Areva avait d’abord assigné Greenpeace en référé pour faire supprimer le logo en question du site Internet, puis, au fond, pour obtenir la condamnation de l’association au titre d’actes de contrefaçon de marque et d’actes fautifs consistant prétendument dans la dévalorisation de l’image de ces marques.
Alors qu’en référé le Président du Tribunal de Grande Instance de Paris avait débouté Areva de ses demandes en considérant que Greenpeace n’avait fait qu’user de sa liberté d’expression, la Cour d’appel de Paris, au fond, avait condamné l’association, à la fois sur le fondement de l’atteinte aux marques d’Areva pour reproduction par imitation, ainsi que sur celui de l’abus de la liberté d’expression.
Greenpeace avait formé un pourvoi en cassation à l’encontre de cette décision. La question de la contrefaçon de marque ne se posait pas devant la Cour de cassation. En effet, Greenpeace critiquait la décision des juges du fond uniquement en ce qui concerne le second grief, celui du dénigrement et de l’éventuel exercice de la liberté d’expression.
Ainsi, elle reprochait en premier lieu à la Cour d’appel d’avoir utilisé un fondement erroné en retenant un acte fautif au titre de l’article 1382 du Code civil, alors que, selon elle, les faits relevaient en réalité de la loi sur la presse de 1881 et plus particulièrement des dispositions relatives à la diffamation. Selon le pouvoi, « l’action qui vise l’atteinte à la réputation d’une société par l’utilisation de la marque et de son image a pour effet de la soumettre aux conditions dérogatoires du droit de la presse de la loi du 29 juillet 1881 ».

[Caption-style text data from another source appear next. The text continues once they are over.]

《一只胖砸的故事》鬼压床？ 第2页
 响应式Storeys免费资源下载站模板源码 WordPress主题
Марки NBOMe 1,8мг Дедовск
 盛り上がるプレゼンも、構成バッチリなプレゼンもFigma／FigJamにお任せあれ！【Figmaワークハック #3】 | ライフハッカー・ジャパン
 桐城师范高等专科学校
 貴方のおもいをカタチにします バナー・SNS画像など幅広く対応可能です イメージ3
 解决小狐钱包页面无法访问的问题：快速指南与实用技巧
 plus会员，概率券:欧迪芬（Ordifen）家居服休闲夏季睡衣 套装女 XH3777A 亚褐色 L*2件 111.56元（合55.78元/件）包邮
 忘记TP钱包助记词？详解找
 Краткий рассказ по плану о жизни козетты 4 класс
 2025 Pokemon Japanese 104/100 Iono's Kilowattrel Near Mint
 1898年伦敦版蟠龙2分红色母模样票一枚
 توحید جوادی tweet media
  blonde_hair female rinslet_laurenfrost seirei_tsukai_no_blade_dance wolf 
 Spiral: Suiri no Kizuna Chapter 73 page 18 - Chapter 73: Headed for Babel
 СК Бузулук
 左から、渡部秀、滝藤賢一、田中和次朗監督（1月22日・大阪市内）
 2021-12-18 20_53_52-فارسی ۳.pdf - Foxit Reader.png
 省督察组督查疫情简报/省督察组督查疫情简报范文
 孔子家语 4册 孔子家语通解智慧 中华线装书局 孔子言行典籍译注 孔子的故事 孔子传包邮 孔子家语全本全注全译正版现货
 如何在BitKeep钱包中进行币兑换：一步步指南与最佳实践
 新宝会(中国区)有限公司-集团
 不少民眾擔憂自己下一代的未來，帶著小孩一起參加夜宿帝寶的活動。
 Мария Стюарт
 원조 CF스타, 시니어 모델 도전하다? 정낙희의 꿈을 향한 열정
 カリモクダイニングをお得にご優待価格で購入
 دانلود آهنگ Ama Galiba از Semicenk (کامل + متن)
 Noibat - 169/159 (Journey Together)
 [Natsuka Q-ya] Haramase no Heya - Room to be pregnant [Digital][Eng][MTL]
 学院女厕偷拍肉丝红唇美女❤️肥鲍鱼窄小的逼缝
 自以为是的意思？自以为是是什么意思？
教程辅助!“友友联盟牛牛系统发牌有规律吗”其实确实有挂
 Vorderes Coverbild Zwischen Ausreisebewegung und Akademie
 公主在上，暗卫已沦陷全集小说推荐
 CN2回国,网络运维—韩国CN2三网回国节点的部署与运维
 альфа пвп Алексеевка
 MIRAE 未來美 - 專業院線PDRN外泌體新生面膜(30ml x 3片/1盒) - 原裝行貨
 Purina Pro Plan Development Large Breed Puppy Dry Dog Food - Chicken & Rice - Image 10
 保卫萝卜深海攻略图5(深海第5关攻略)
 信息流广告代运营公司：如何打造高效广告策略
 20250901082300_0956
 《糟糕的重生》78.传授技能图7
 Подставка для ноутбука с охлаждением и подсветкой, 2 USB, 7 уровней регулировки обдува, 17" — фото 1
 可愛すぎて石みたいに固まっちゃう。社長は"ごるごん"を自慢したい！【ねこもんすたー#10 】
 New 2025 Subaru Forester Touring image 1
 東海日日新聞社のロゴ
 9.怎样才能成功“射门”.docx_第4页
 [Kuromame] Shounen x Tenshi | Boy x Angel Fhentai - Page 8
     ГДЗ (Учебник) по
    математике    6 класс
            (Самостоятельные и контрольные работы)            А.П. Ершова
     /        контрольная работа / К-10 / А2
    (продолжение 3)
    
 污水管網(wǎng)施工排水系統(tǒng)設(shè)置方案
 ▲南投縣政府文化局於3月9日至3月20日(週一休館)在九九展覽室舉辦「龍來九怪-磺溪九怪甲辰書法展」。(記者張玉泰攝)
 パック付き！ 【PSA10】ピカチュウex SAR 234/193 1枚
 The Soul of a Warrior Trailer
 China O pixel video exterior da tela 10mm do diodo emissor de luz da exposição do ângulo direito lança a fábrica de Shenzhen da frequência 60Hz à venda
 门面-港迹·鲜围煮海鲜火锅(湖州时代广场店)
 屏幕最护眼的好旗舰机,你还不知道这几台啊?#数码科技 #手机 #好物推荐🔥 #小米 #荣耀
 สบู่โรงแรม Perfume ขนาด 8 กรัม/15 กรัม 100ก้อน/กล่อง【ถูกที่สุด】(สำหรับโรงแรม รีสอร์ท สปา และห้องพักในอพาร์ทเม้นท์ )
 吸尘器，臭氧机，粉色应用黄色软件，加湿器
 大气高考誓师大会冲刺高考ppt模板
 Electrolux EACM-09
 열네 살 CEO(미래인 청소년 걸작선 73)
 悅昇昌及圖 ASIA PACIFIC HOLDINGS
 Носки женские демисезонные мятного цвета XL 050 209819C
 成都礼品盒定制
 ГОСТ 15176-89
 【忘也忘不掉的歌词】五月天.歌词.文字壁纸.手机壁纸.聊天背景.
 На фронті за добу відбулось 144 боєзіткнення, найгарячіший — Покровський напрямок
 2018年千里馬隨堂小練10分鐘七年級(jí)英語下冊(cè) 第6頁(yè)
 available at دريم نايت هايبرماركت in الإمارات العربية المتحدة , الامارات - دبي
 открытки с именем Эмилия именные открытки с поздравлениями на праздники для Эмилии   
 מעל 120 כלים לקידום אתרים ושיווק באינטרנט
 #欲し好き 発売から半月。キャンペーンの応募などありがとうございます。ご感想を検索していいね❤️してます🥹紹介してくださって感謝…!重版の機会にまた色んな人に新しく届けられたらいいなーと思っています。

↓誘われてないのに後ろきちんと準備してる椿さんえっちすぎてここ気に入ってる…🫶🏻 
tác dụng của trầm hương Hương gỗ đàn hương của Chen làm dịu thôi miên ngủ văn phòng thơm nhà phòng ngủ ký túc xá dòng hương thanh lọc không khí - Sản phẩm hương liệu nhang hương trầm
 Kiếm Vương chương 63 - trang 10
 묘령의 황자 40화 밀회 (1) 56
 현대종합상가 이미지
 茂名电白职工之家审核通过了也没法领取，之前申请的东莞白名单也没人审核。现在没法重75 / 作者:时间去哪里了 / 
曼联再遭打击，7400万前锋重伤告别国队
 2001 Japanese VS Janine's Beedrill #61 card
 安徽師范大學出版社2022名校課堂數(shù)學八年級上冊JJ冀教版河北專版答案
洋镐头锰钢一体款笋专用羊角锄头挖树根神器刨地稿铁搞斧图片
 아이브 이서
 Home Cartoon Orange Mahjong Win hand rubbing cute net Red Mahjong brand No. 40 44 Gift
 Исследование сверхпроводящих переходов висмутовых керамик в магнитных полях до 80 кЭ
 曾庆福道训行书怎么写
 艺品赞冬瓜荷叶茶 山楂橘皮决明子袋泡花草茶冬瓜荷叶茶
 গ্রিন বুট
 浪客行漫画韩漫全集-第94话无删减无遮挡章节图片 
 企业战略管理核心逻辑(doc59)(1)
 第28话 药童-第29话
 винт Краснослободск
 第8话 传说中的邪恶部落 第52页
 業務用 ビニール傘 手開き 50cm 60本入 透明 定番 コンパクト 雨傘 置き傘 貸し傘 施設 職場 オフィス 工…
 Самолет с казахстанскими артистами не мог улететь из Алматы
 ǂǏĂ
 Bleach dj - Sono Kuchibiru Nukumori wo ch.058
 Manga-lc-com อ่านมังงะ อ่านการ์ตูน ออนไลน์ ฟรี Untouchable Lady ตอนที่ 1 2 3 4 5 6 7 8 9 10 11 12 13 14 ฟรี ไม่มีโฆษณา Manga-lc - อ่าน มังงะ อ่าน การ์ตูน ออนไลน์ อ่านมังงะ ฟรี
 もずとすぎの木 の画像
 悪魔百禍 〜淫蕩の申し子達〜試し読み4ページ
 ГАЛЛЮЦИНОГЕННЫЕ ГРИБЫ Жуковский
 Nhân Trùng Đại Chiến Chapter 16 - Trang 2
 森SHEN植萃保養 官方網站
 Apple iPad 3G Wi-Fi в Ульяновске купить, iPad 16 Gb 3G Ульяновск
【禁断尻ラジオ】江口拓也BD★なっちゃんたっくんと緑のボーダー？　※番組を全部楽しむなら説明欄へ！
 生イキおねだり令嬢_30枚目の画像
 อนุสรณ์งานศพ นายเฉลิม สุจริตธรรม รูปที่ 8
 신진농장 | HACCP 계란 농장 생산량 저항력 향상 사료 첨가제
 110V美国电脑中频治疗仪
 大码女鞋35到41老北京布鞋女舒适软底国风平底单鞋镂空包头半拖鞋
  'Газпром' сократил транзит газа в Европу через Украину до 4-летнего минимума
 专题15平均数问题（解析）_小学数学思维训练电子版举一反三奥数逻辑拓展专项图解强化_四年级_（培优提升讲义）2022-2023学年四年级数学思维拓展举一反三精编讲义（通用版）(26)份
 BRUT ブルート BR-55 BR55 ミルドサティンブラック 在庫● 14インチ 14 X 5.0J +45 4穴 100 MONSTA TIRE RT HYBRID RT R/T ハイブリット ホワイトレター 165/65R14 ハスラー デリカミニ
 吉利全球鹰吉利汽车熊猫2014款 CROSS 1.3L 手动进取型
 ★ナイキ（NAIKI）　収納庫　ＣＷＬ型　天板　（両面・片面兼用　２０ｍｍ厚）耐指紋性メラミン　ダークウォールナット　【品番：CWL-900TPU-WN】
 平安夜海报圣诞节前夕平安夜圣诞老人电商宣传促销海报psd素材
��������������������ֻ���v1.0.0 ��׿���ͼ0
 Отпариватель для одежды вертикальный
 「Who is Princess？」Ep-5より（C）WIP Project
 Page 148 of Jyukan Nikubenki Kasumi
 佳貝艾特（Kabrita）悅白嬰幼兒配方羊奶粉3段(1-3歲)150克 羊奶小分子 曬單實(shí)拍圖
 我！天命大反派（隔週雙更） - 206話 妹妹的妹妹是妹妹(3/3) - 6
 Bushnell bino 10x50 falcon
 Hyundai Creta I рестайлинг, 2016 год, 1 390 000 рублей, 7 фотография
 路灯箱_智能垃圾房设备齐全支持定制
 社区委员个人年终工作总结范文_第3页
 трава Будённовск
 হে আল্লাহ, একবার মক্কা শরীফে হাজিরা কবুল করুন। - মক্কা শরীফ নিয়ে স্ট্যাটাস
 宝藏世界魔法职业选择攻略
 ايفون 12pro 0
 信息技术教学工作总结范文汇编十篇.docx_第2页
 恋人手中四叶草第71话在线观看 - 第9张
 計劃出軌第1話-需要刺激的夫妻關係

Cependant, la Cour de cassation a refusé de suivre Greenpeace dans ce raisonnement. Elle a considéré que la Cour d’appel avait exactement retenu « que les actes reprochés (…) par l’utilisation litigieuse [des marques d’Areva] ne visaient pas la société mais les marques déposées par elle et en conséquence les produits ou services qu’elles servent à distinguer ». En d’autres termes, point d’atteinte à l’honneur de la société en l’espèce, mais uniquement une atteinte aux activités de la société. De la sorte, les dispositions relatives à la diffamation n’étaient pas applicables.
En second lieu, Greenpeace critiquait l’arrêt de la Cour d’appel en ce qu’il avait jugé que l’association avait abusé de la liberté d’expression. Selon cette décision, l’utilisation du logo d’Areva détourné « conduisait à penser que tout produit ou service diffusé sous ce sigle était mortel ; que de ce fait, en raison de la généralisation qu’elles introduisaient sur l’ensemble des activités de la société, les associations allaient au-delà de la liberté d’expression permise, puisqu’elles incluaient des activités qui n’étaient pas concernées par le but qu’elles poursuivaient en l’espèce, c’est-à-dire la lutte contre les déchets nucléaires ».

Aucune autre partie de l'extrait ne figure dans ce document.